Photograph: Ethenia Aastrup
Text: Ethenia Aastrup
Ethenia Aastrup experienced culture shock at first sight but offers great tips to help you fit in.
Summer, autumn, winter, and spring. Multiplied by six. Looking back at the past six years I have been in Denmark many things have changed. I still remember quite vividly how I landed in Copenhagen and took a small aeroplane to Aarhus. It was in August 2014, summer but 18 degrees. It was not warm, and when windy, I had to wear my gloves. Climate adaptation, used to be difficult back then, as I came from Indonesia, which has temperatures of 28 – 33 degrees all year long.
Apart from climate shock, culture shock was a daily occurrence in the beginning. The people, the system, the food, the shops, the language, so many things were different. However, before I went to Denmark, I already had some knowledge about Danish pastries and Danish butter cookies as they are quite famous in Indonesia. I realised that there were many similarities between Denmark and my home country of Indonesia, especially the sarcastic humour. Many Indonesians, especially from my area, have the same sarcastic humour of the Danes.

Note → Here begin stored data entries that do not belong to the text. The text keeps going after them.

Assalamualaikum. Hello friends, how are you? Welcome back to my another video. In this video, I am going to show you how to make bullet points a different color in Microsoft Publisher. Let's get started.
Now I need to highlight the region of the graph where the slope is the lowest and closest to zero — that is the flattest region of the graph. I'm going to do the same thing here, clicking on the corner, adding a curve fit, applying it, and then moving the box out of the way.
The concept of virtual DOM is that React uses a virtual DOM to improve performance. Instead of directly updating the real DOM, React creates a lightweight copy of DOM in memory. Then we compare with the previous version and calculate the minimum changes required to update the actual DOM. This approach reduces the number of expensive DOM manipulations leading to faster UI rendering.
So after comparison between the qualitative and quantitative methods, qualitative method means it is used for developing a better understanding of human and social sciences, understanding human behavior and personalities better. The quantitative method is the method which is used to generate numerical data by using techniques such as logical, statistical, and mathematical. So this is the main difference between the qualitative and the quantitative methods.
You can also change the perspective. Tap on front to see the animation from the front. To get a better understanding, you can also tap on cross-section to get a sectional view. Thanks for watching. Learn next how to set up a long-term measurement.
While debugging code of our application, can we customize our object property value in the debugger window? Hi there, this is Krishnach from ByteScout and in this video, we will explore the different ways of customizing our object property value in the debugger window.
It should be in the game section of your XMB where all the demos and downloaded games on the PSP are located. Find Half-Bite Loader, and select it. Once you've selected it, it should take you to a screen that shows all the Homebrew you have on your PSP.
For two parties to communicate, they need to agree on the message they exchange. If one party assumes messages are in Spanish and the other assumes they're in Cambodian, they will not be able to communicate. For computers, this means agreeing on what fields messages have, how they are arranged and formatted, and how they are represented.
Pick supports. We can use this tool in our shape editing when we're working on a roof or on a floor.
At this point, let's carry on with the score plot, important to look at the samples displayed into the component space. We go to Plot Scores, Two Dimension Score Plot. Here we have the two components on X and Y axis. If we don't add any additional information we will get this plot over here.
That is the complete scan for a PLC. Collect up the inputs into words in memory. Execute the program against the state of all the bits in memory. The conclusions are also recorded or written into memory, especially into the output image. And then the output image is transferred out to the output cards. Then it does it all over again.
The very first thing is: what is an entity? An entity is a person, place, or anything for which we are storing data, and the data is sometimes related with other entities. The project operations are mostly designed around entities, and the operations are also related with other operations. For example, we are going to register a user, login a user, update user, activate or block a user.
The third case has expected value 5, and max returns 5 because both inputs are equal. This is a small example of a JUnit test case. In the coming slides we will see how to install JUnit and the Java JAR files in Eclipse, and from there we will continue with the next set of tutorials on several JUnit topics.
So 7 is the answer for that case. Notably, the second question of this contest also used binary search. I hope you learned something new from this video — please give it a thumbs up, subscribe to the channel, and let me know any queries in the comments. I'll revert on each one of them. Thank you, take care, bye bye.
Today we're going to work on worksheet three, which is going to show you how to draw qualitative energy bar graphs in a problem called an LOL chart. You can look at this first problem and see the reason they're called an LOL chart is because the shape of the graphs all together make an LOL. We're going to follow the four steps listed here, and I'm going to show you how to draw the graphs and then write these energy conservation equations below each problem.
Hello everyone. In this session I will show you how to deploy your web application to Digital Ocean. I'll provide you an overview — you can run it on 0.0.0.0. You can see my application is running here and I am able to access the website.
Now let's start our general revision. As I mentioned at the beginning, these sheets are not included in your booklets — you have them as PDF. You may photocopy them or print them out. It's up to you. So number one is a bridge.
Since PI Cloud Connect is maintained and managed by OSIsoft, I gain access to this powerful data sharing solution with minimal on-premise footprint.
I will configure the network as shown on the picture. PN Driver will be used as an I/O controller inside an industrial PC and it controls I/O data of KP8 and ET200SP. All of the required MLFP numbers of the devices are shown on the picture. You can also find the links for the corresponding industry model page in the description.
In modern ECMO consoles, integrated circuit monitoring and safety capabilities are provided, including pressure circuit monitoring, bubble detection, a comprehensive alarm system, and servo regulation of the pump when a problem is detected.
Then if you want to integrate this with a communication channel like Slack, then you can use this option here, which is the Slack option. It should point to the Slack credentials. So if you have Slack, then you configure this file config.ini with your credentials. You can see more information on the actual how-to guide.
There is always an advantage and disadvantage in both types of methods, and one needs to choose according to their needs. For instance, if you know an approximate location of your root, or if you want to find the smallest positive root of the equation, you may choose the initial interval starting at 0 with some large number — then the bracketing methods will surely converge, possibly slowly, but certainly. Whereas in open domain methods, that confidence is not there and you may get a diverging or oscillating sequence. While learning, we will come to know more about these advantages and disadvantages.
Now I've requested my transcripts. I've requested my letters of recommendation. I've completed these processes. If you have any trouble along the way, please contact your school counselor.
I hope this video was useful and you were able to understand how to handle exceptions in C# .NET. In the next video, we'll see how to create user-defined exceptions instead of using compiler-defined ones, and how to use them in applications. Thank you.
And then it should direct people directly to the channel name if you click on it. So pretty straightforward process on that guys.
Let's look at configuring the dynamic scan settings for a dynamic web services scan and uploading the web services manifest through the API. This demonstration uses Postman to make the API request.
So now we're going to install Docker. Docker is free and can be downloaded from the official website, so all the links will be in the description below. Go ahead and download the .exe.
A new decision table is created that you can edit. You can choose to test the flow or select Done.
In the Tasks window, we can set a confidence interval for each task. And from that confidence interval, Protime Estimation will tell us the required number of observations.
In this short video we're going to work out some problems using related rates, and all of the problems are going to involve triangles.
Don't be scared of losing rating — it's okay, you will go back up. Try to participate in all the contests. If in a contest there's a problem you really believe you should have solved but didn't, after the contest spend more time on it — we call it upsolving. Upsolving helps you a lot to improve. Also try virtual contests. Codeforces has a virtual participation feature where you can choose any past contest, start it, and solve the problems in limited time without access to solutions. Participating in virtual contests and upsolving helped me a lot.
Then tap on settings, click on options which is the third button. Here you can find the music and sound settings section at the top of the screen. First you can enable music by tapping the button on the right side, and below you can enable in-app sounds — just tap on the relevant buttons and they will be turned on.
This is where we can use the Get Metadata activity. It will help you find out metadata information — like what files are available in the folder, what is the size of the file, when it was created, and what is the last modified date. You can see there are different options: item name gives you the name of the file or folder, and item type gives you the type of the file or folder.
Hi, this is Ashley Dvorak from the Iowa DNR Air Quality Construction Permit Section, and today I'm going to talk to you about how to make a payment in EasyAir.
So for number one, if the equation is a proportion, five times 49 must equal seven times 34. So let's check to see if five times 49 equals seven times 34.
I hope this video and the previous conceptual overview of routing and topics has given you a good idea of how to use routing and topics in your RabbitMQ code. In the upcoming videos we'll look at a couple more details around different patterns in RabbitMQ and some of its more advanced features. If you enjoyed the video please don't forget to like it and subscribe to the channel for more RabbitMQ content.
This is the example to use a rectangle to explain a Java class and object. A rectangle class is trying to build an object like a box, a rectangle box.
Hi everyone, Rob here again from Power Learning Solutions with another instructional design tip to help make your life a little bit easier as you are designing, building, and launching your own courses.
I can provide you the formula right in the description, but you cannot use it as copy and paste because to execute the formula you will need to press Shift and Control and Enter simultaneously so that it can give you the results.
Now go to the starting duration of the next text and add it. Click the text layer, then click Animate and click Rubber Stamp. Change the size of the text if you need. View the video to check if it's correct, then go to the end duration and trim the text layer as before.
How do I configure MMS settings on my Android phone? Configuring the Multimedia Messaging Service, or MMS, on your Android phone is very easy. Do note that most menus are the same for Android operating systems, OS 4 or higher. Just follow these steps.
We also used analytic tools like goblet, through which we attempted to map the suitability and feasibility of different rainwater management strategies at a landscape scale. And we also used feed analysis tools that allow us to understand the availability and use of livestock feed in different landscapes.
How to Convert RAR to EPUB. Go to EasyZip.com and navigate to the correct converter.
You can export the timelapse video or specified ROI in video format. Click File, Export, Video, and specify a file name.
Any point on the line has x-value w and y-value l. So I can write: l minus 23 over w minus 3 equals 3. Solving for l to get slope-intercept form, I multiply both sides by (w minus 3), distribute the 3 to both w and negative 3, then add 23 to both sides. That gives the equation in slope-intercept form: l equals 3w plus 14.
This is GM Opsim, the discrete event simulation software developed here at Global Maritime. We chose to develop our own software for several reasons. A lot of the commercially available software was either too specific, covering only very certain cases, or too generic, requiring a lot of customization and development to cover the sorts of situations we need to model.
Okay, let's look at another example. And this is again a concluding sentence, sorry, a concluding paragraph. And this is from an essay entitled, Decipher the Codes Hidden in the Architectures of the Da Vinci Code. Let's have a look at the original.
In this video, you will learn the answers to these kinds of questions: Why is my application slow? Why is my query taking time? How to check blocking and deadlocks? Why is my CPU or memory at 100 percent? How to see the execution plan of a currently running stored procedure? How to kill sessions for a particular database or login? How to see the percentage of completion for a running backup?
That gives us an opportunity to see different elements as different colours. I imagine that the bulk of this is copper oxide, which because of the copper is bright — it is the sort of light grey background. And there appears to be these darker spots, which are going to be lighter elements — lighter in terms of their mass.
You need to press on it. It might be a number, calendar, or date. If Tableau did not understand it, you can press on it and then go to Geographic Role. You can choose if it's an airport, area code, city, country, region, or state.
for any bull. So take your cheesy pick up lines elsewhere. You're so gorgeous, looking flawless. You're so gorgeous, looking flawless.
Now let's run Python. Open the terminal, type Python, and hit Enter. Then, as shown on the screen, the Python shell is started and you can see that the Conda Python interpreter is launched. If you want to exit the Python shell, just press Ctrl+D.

I moved to Denmark because I was granted a scholarship by Aarhus University for my Master’s in Corporate Communication as a non-EU student, which I am forever thankful for - that scholarship has changed my life.
Aarhus, Copenhagen, Tønder: crisscrossing Denmark
After finishing my Master’s, I worked as an internal communicator at IKEA global office in Malmö, Sweden, and as a project manager in ECCO HQ in Bredebro, close to the Danish-German border. Having worked at some of the biggest Scandinavian global companies within the design area indeed has given me different perspectives of Scandinavian lifestyle and work environment.
Finding a study relevant job in Denmark is difficult for most internationals, myself included. Lack of Danish skills is the biggest hurdle. However, when the job ad mentioned, no Danish skills were required, Danish applicants who knew the hiring managers would naturally go to the front of the queue. I hope, shortly, more Danish companies, regardless of their size, will be more open and interested in international applicants, as diversity allows more unique perspectives.
"Many Indonesians, especially from my area, have the same sarcastic humour of the Danes. - Ethenia aastrup
If there is one thing I could have done differently, is to have a better grasp of the Danish language in the beginning. Now I can speak almost fluent Danish, and I’m still learning. In my opinion, there is one significant difference between Denmark and Indonesia, which is still a challenge for me. In Indonesia, the country is very diverse, and we have more than 600 ethnic groups. I grew up being a majority in Indonesia (Javanese), but my interests were often different than most of my peers and classmates. In Indonesia, when you are different but good at what you do, you will get a higher acknowledgement than if you are just ‘the same as everyone else’. We like uniqueness and admire brave people.
Joining a local club is a great way to integrate; however, most of the members are Danish, and if you just speak English, you might feel a little left out. The same can happen during lunch breaks at Danish workplaces, as they will naturally chat away in Danish to each other. Don’t let this put you off, join the clubs regardless, sit and have lunch with a local, but as much as you can try to speak Danish.
Being an international, especially in a society like Denmark, try to find as many commonalities as possible with the locals. This has proven to be an excellent way to make your mark, and you will receive a warmer welcome and feel less like an outsider in Denmark.